La Signora” by Bruce McAllister is about the teenage son of a naval officer living oversees in an ancient fishing village who attends the local school at the insistence of his mother, a teacher with a love for cultures. There he learns of the Signora, the Lady of the Sea. On the night of La Signora, he heads out with his friends and their fathers, the village’s fishermen. There he encounters Signora. She leaves him inflicted and weak, unable to dwell on other women, but the boy finds happiness and peace in another Signora, the Blessed Mother, and strength to resist worldly temptation through faith in the word of God and the love of His Son. McAllister stuffs a ton of plot and character into a short story, but his true talent lies in the deft way he spins plot strings between characters and settings. At first read, they appear as mere details intended to add depth, but when we pull away in the end, we see the web McAllister wove and how each detail holds it all together.

Alan Gratz’s “Hero of the Five Points,” is a steampunk novelette set in 1853 in the world of the League of Seven. Dalton Dent, on his first solo mission for the Septemberist Society, must track down and kill the giant crime boss, Mose, whose size and meanness are legendary in the Five Points. Mose is more than just the biggest thug in a land of perpetual gang war. He’s a Manglespawn, a halfbreed offspring of a Mangleborn titan and a human. Dalton’s mission seems black and white, but before it’s done, Mose will blur the lines of right and wrong until Dalton can’t see which side he stands on. From rayguns to copper-clad Coppers, Tik Tok valets and Lektricity, this adventure is full of fantastic imagination and great story telling.

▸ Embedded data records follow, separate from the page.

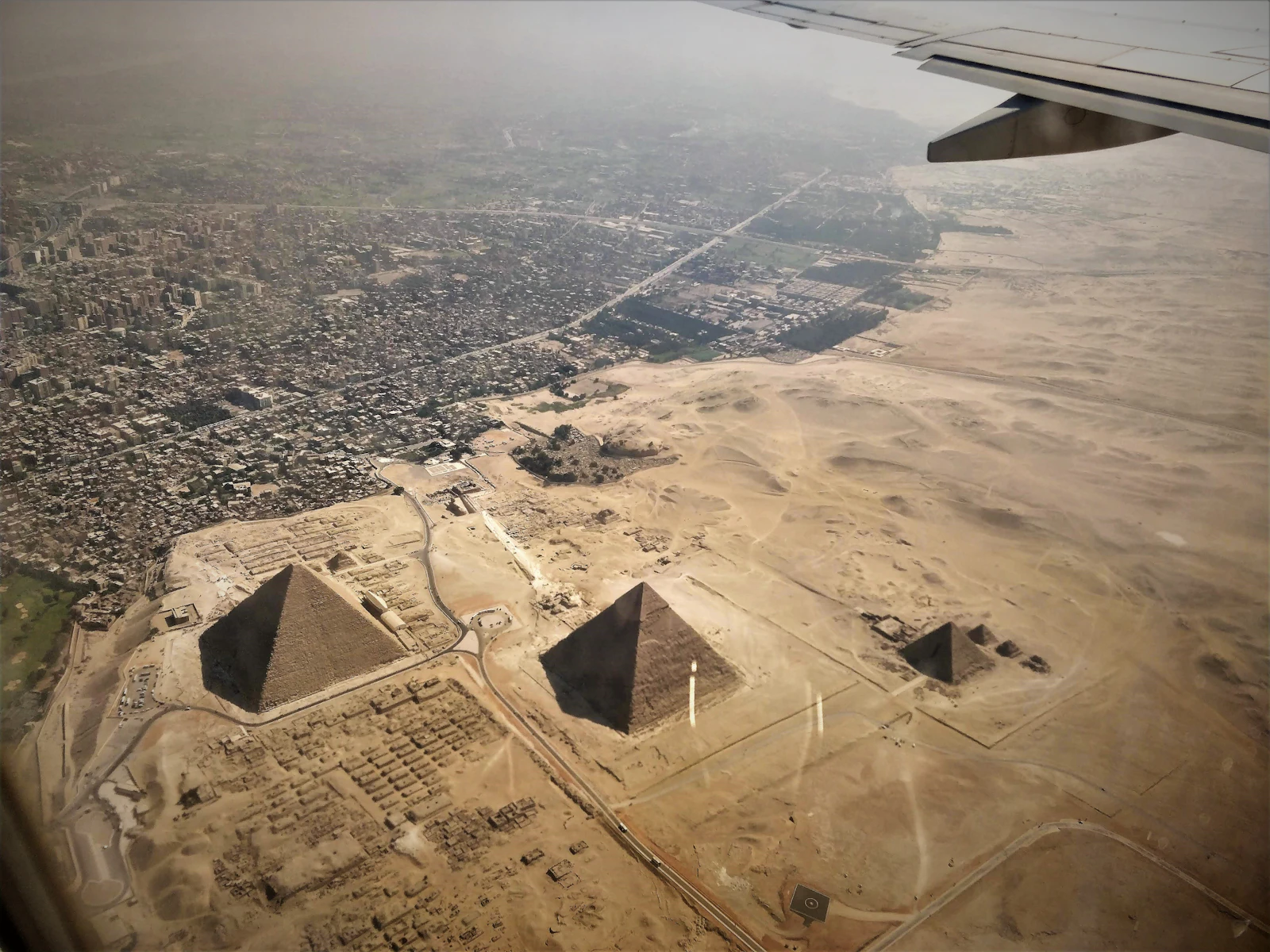 Cairo, Egypt photo 8 by Dario Morandotti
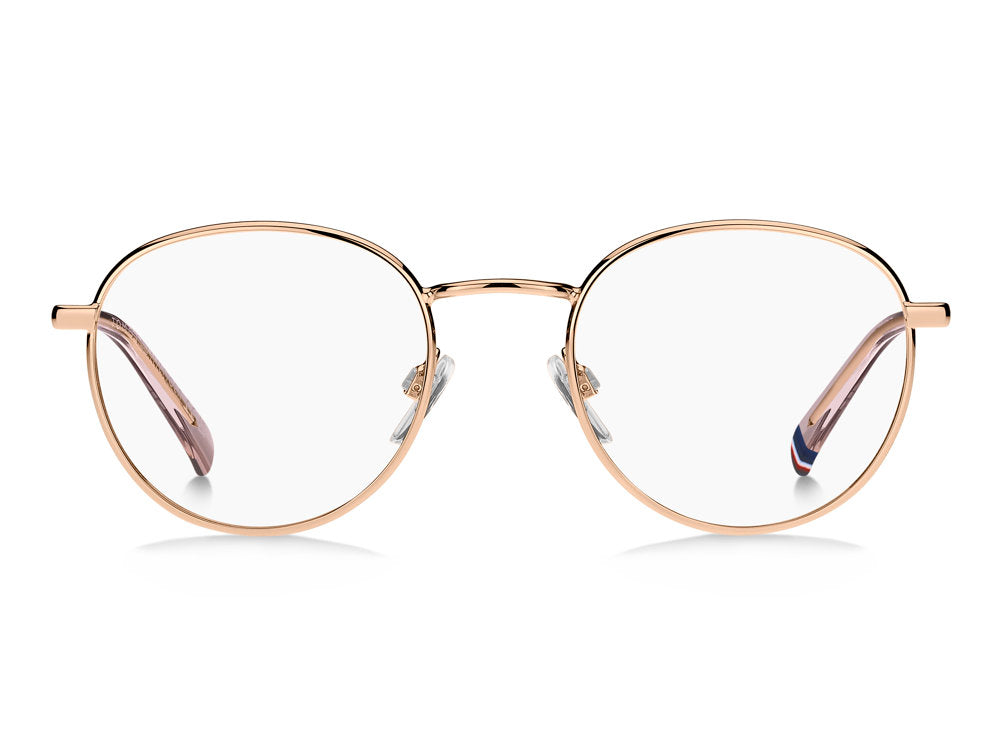Tommy Hilfiger TH 2222 Eyeglasses | Select Eyewear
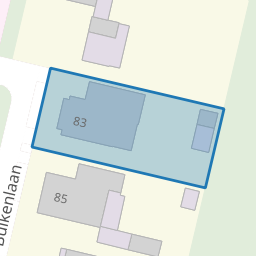 Perceel KWK02-P-2006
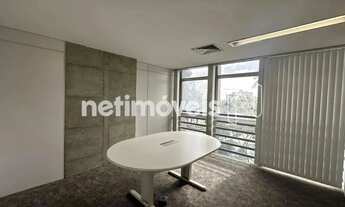 Imagem 3: Locação Andar-pilotis Cruzeiro Belo Horizonte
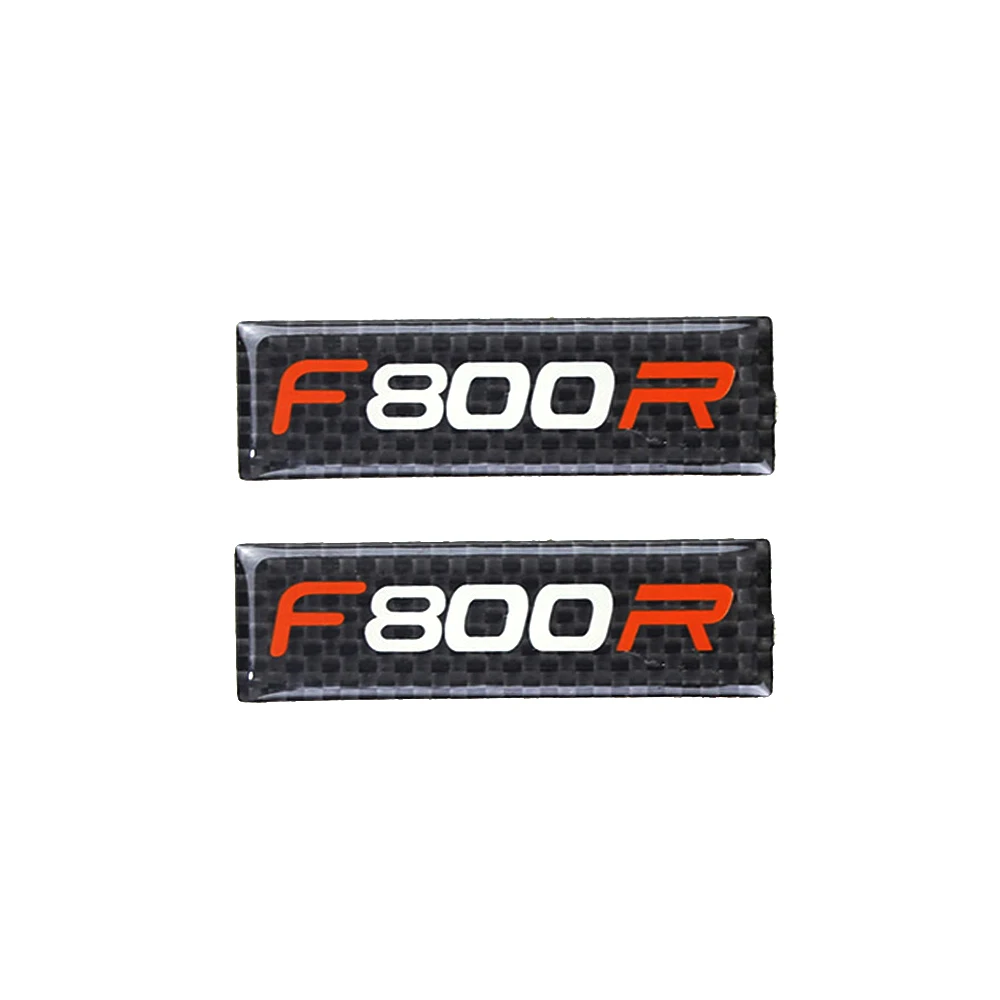 

KODASKIN Motorcycle 3D Carbon Sticker Decal for BMW F800R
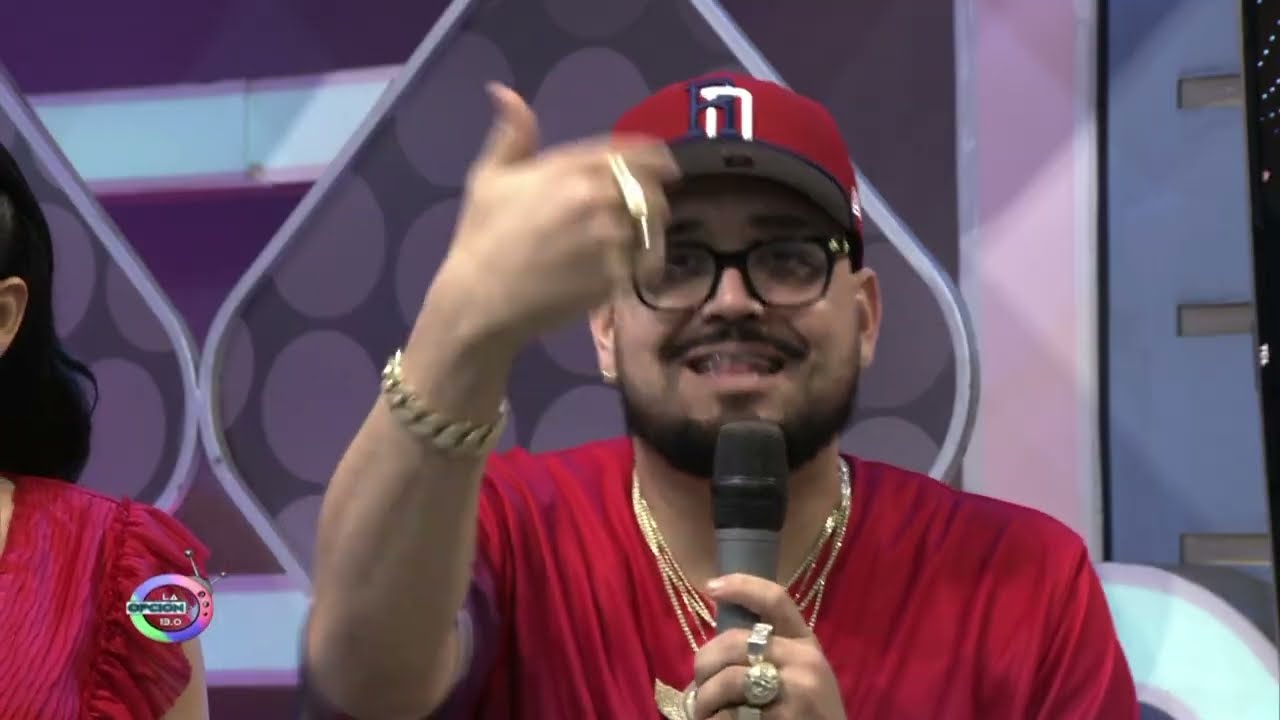 Sophinel Báez y el daño a Clarissa Molina  | La Opción 13.0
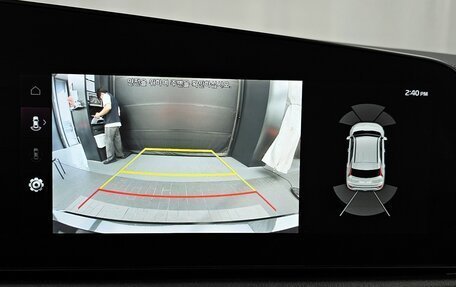KIA Niro, 2023 год, 1 648 400 рублей, 18 фотография
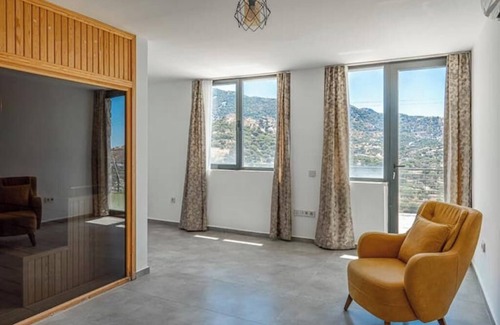 Dagbelen Villa | Gorgeous 4-Bedroom Villa Private Pool Yalıkavak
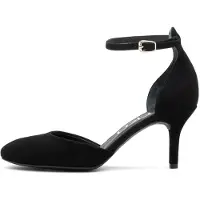 Rylko Sapatos de salto preto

Seven Commentaries on an Imperfect Land” by Ruthanna Emrys contains seven flash fictions about the lives of six characters and their interactions with the land of Tikanu, which comes alive with magical creatures from the Jewish culture. Tikanu is a magical land of laws and patterns, a nation without borders that grows wherever the wild mint of its people grows. It serves as a beautiful metaphor for the Jewish people and contains enough servings of symbolism and hidden meaning to provide for a number of rereads.

Skyler White’s “Strongest Conjuration” is an Incrementalists novelette that picks up after the events of the novel. The Incrementalists are members of a secret society that transfer their memories and personalities to another body as they work to make the world better a little at a time. Sometimes, the memories transfer but the personality is lost. This is the case for Ren, and her Garden of memories is broken, lost with the personality that came before hers. Her desire to find it, to regain her former personality, causes her to break from Incremental tradition and push her abilities through leaps and bounds. She gets lost in the past, lost in the memories, and risks losing her mental stability, all because she feels guilty that she’s not the person her lover, Phil, has known for so many centuries. White explores many simple questions like what, who, and when but the answers are complex, deep, and thought provoking.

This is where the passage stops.